[Image-text web data]

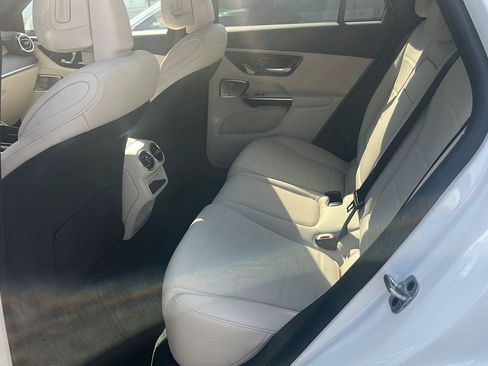 Certified 2024 Mercedes-Benz GLC 300 image 11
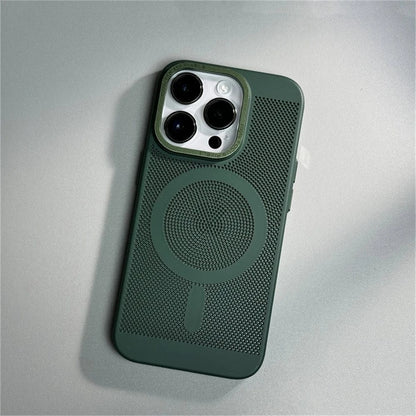 Coque iPhone perforée anti-chaleur MagSafe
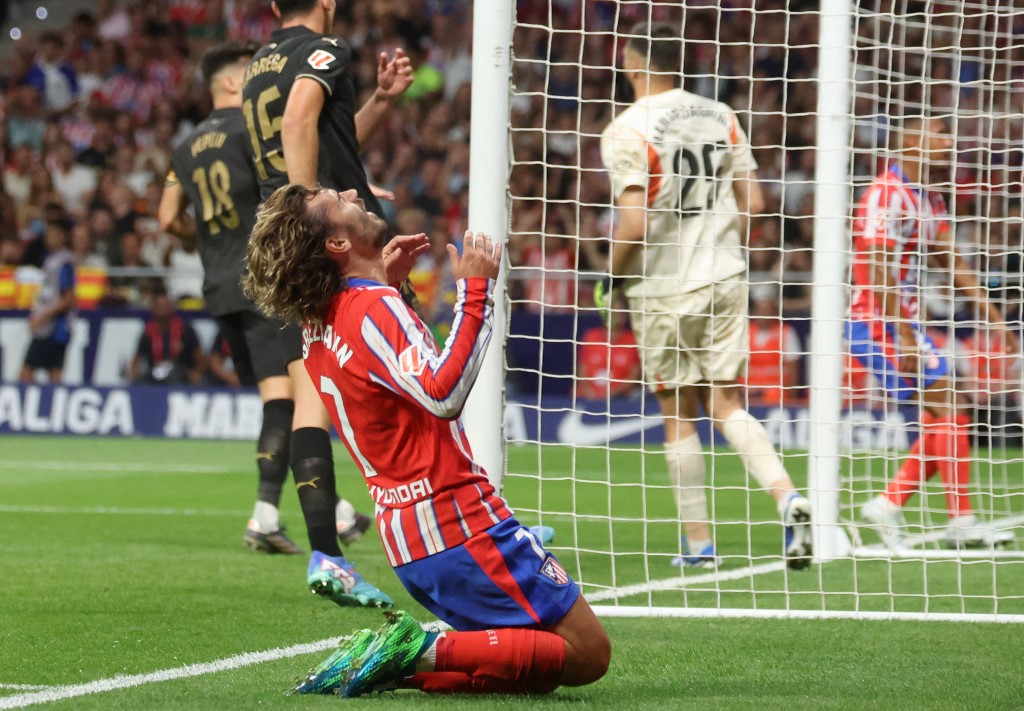 Tiga gol ke gawang Los Che dicetak Connor Gallagher, Antoine Griezmann, dan Julian Alvarez. Itu menjadi gol perdana bagi Gallagher dan Alvarez untuk klub baru mereka.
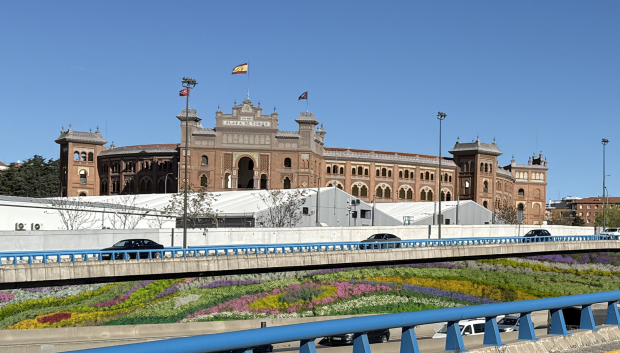 Comienza la instalación de los jardines verticales en la M-30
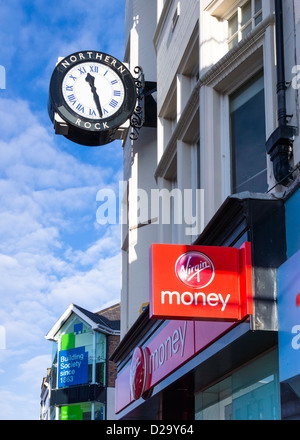Einer alten Nordfelsen Uhr über dem neuen Virgin Money-Schild. Stockfoto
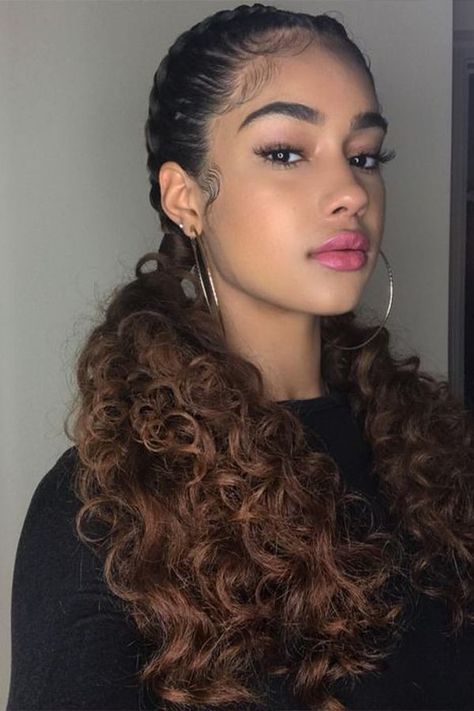 How To Style Baby Hairs: Styling baby hairs is an art that black and Latina women have been perfecting for years. Hispanic Hairstyles, Curly Hair Latina, Latin Hairstyles, Cute Latina Hairstyles, Black Baby Hairstyles, Mexican Hairstyles, Latina Hair, Baby Hairs, Baddie Hairstyles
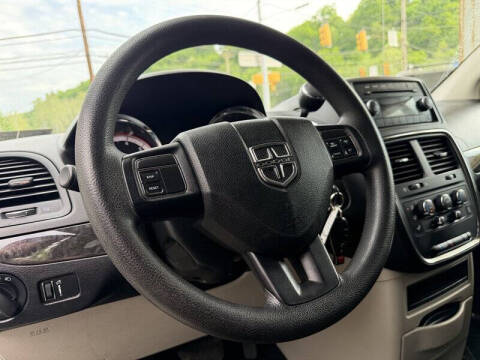 2013 Dodge Grand Caravan SE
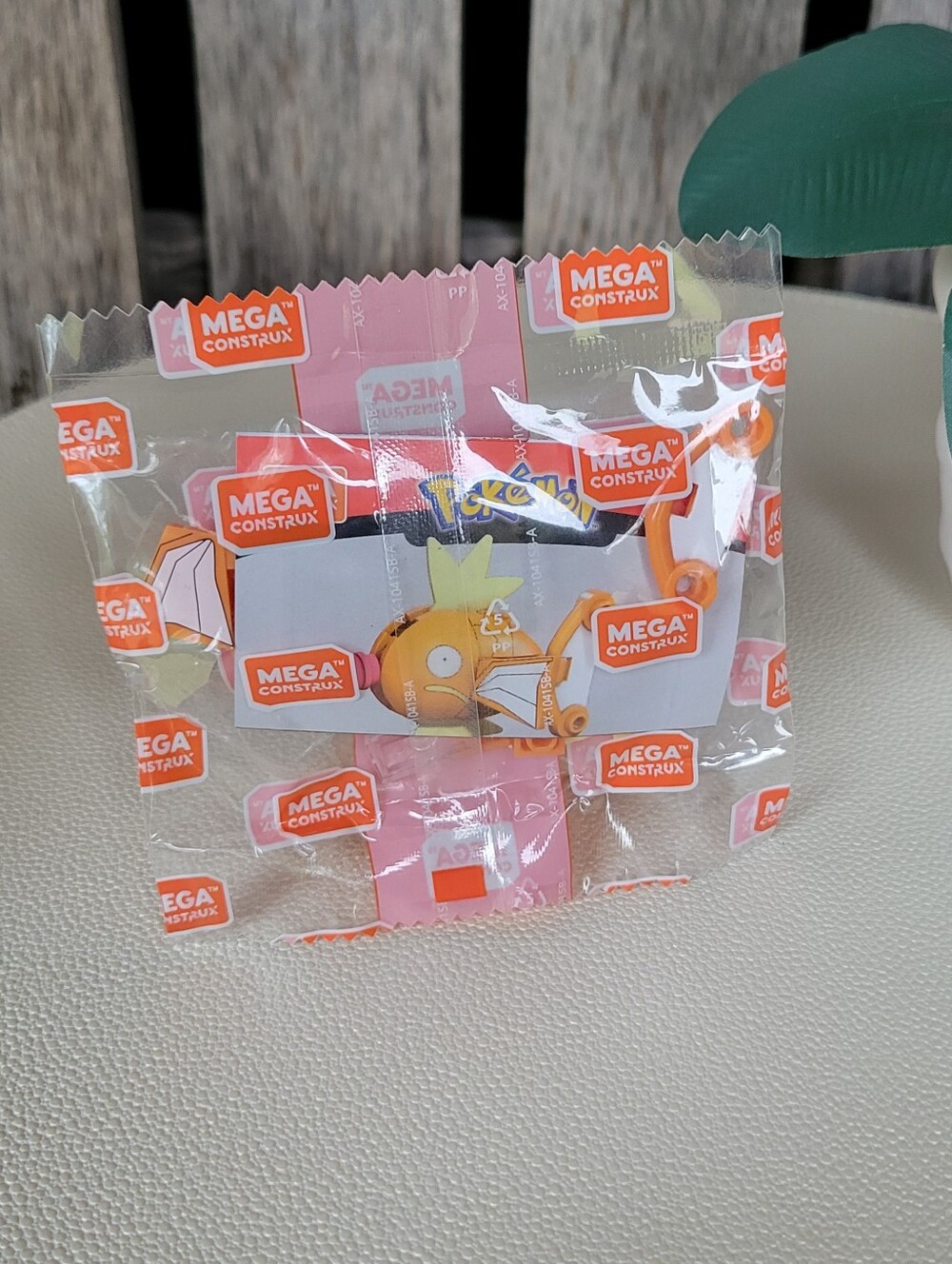 Pokémon Magikarp Mega Construx Building Set 🦩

WHAT THIS TASK INVOLVES> Only the lines from the one with "2013 Dodge Grand Caravan SE" through the final line of the data should be written out, exactly and including both ends. Skip the pictures.

RESPONSE FOR THIS EXERCISE>
 2013 Dodge Grand Caravan SE
 Pokémon Magikarp Mega Construx Building Set 🦩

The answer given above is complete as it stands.